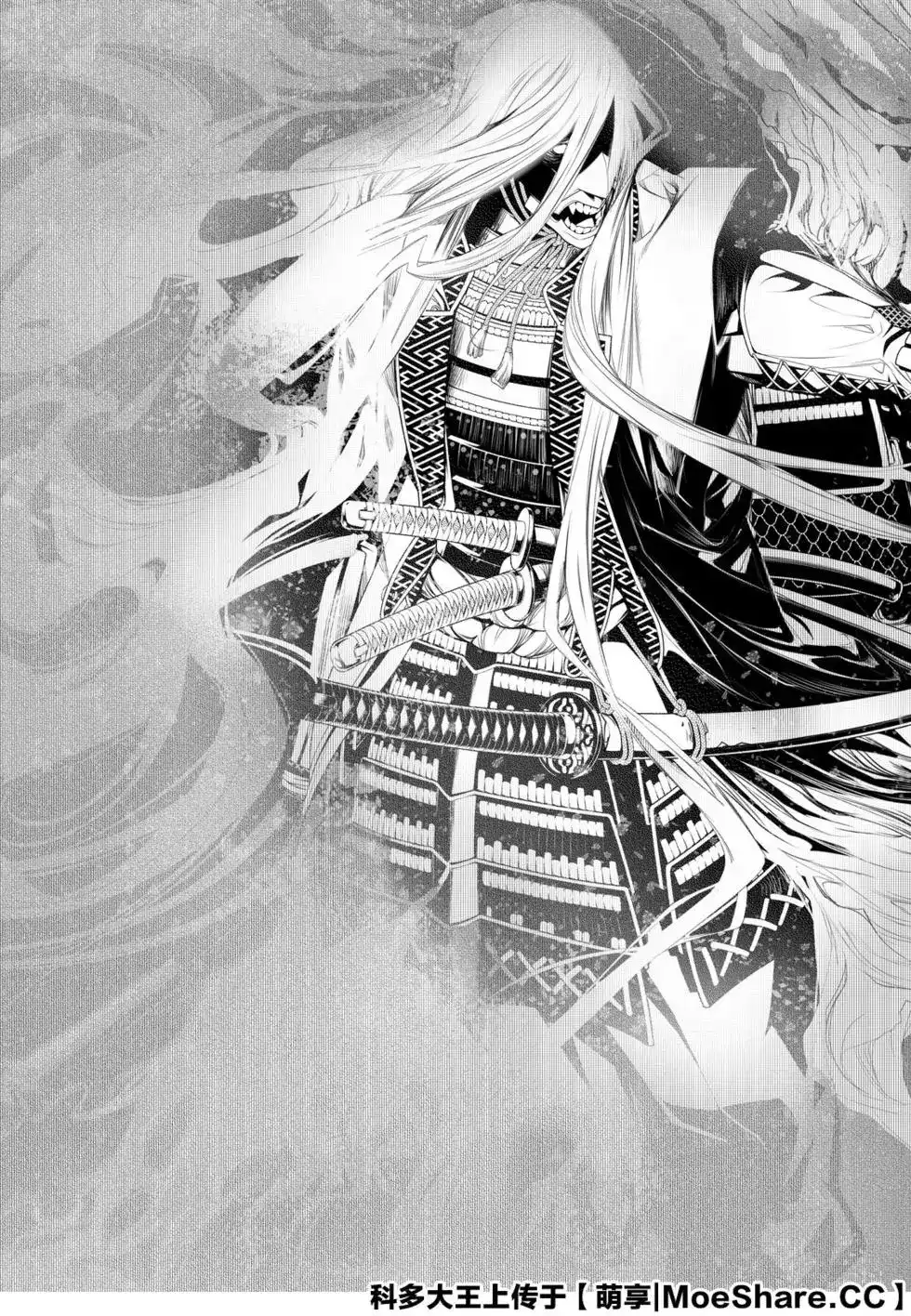 《化物语》单话 第92话 第9页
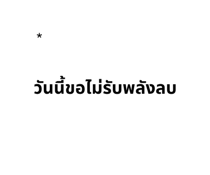 844474922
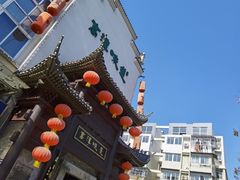 门面-高淳味道(丹阳湖北路店)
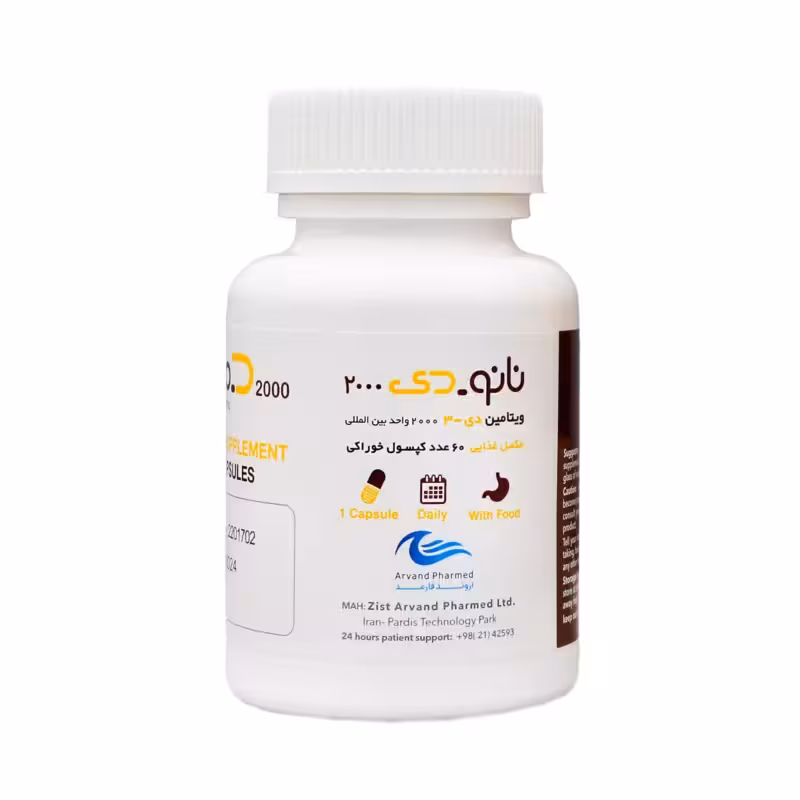 کپسول نانو دی ویتامین د3 2000 میلی گرم اروند فارمد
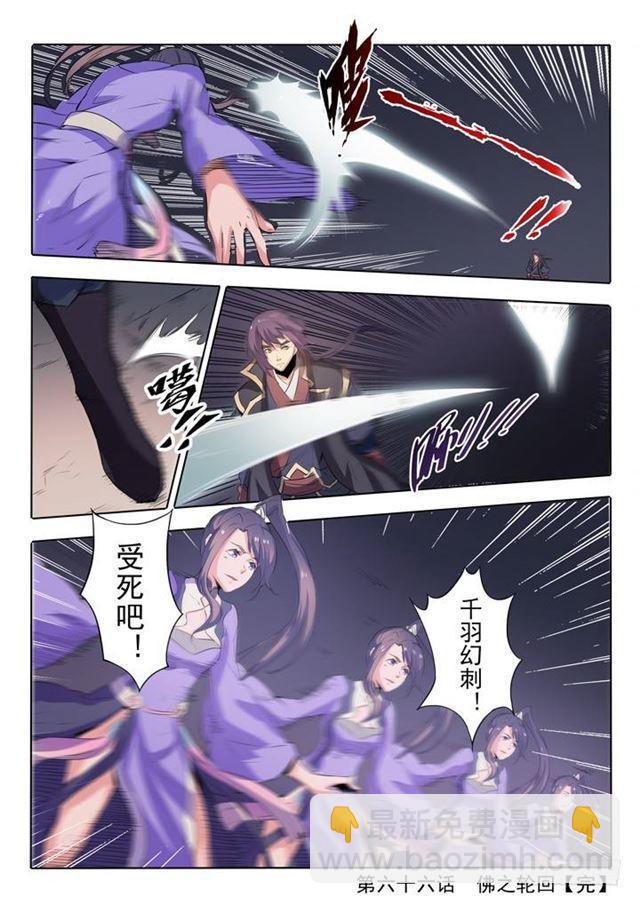 🍵百炼成神 第66话 佛之轮回 第21页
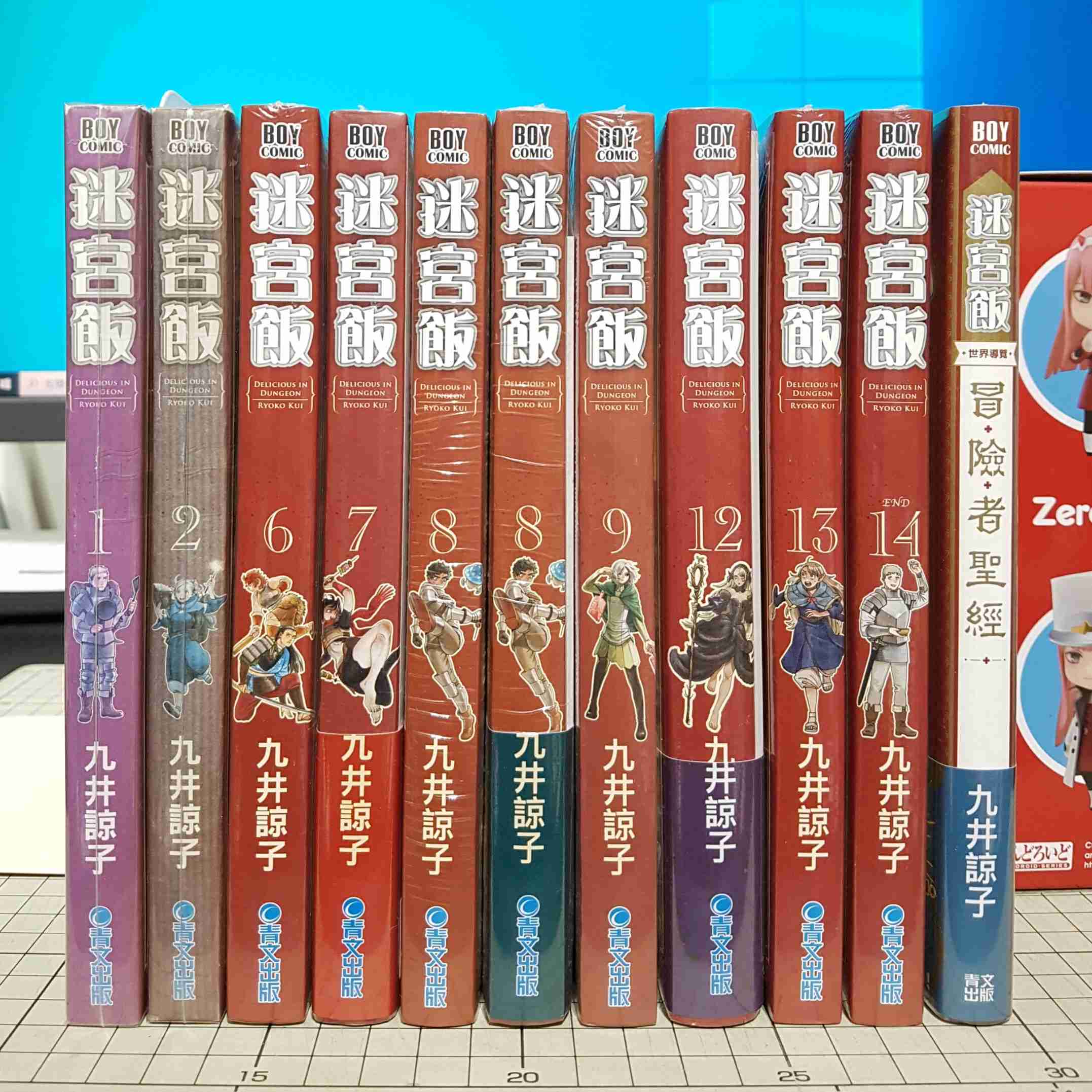 [長夜餘火]現貨24小時出貨 迷宮飯 1~14 首刷限定版 世界導覽 冒險者聖經 會場限定版 九井諒子 青文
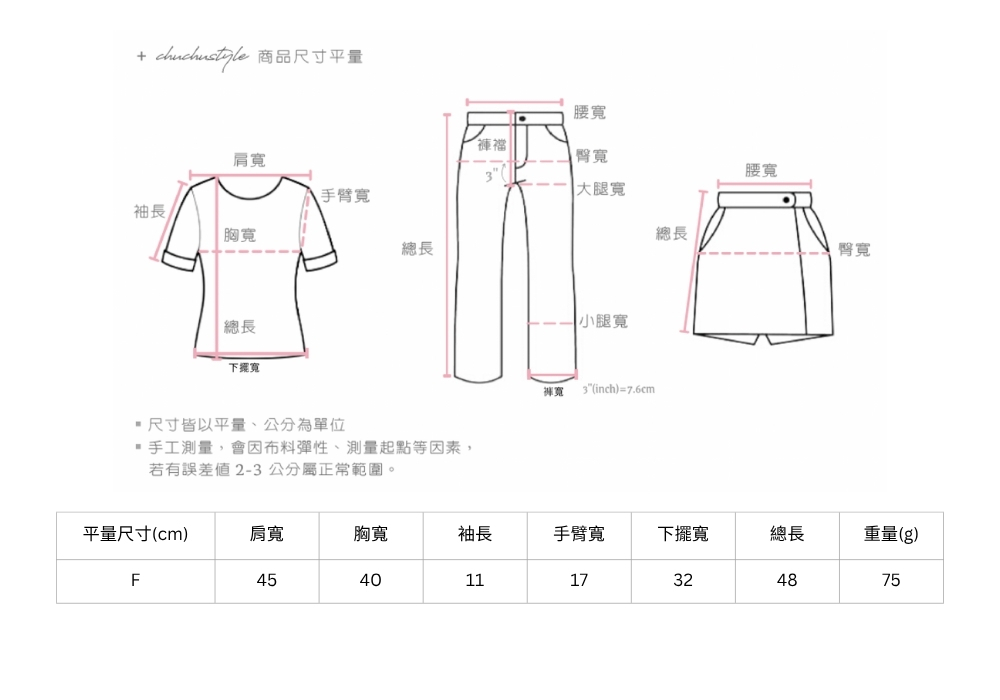 官網尺寸串圖 (14).jpg 官網尺寸串圖 (14).jpg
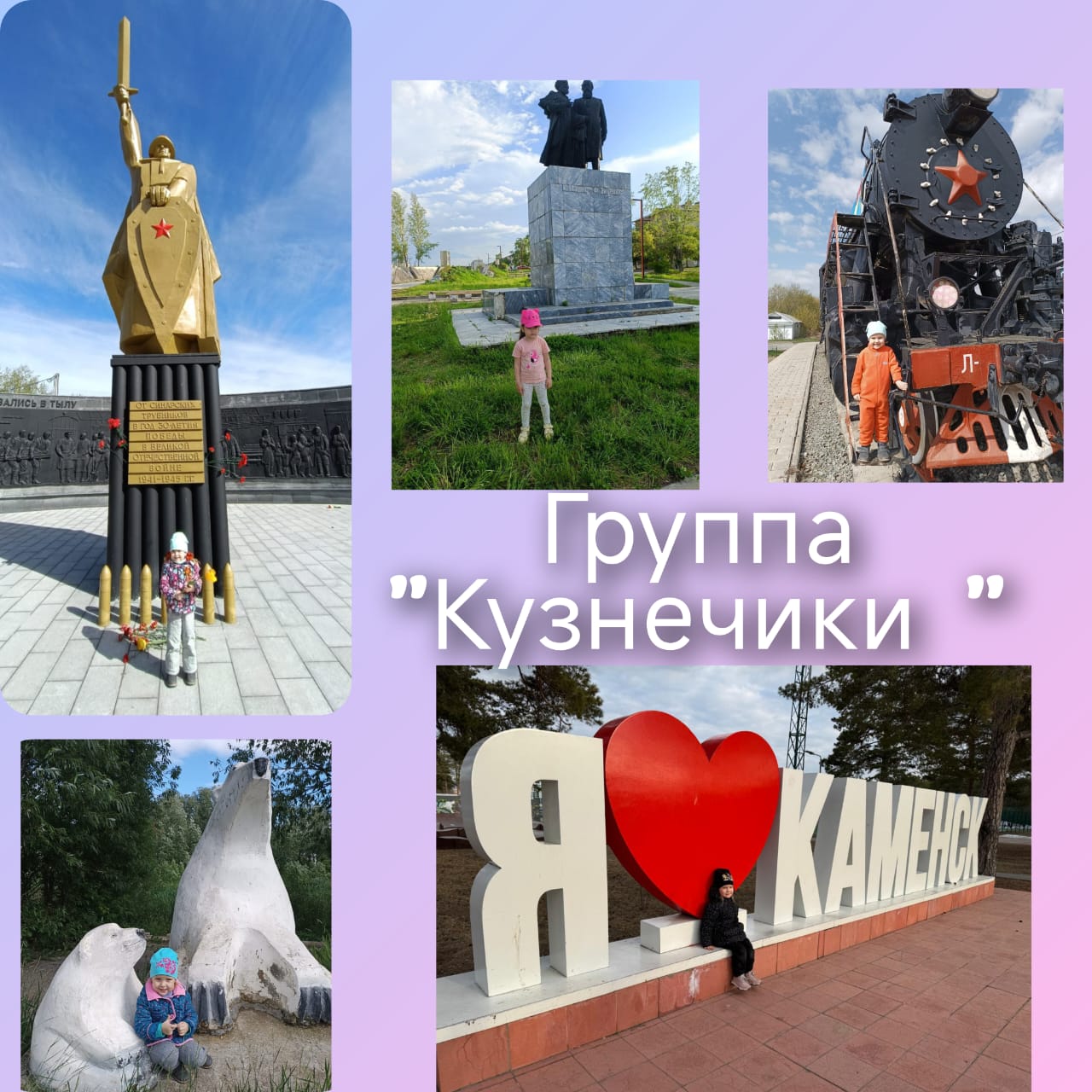 IMG 20250717 WA0069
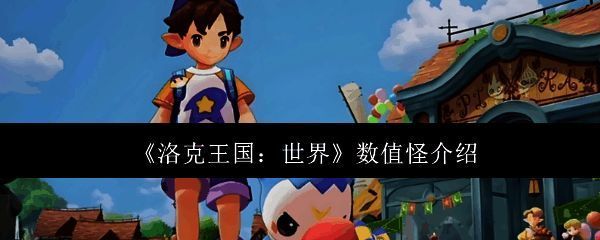 洛克王国相关图片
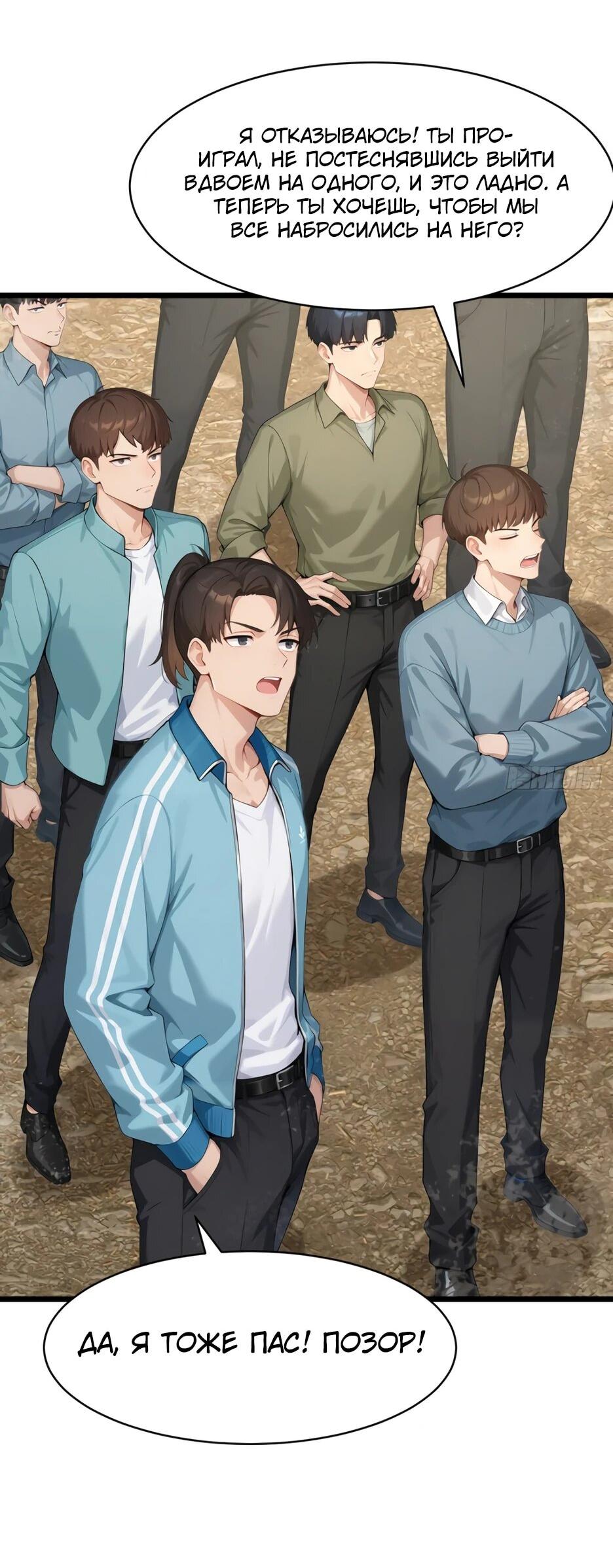 Манга Я приручаю зверодевушек! - Глава 62 Страница 32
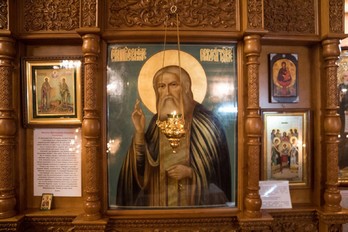 Икона Серафима Саровского в женском монастыре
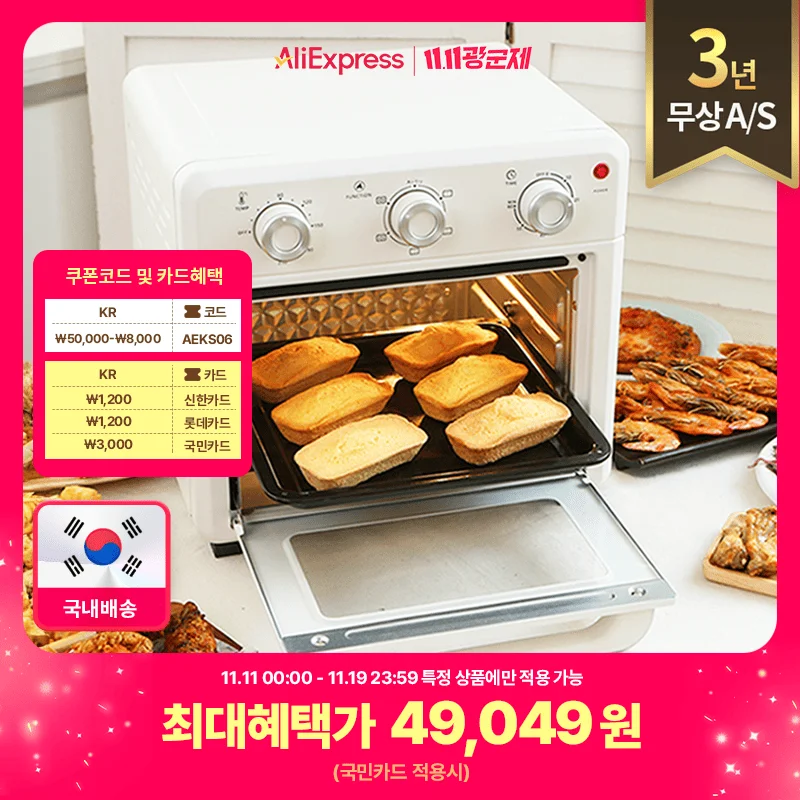 [한국발송 국내 3년 무상 A/S] 이지클린 감성 에어프라이어 오븐 20L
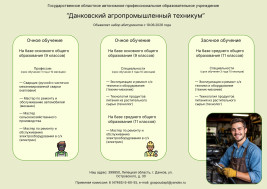 Данковский агропромышленный техникум продолжает набор абитуриентов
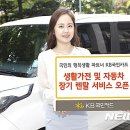국민렌탈 이미지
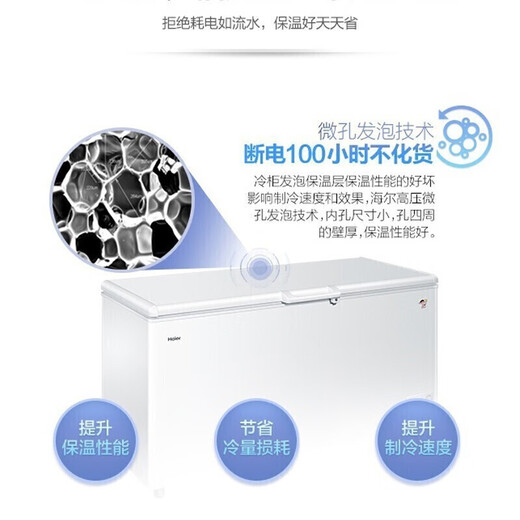 海尔（Haier）冰柜卧式商用大冰柜大容量大冷冻柜500升以上超低温双开门海鲜速度冰柜雪柜带锁脚轮 830升 零下38度速冻BC/BD-830HCZ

━━━━━━━━━━━━━━━━━━━━

* **DESCRIPTION OF THE TASK**
Could you reproduce exactly the lines from the one containing "Манга Я приручаю" through the last line of the records, both included, leaving out the pictures?

* **PROBLEM SOLUTION**
 Манга Я приручаю зверодевушек! - Глава 62 Страница 32
 Икона Серафима Саровского в женском монастыре
 [한국발송 국내 3년 무상 A/S] 이지클린 감성 에어프라이어 오븐 20L
 Данковский агропромышленный техникум продолжает набор абитуриентов
국민렌탈 이미지
 海尔（Haier）冰柜卧式商用大冰柜大容量大冷冻柜500升以上超低温双开门海鲜速度冰柜雪柜带锁脚轮 830升 零下38度速冻BC/BD-830HCZ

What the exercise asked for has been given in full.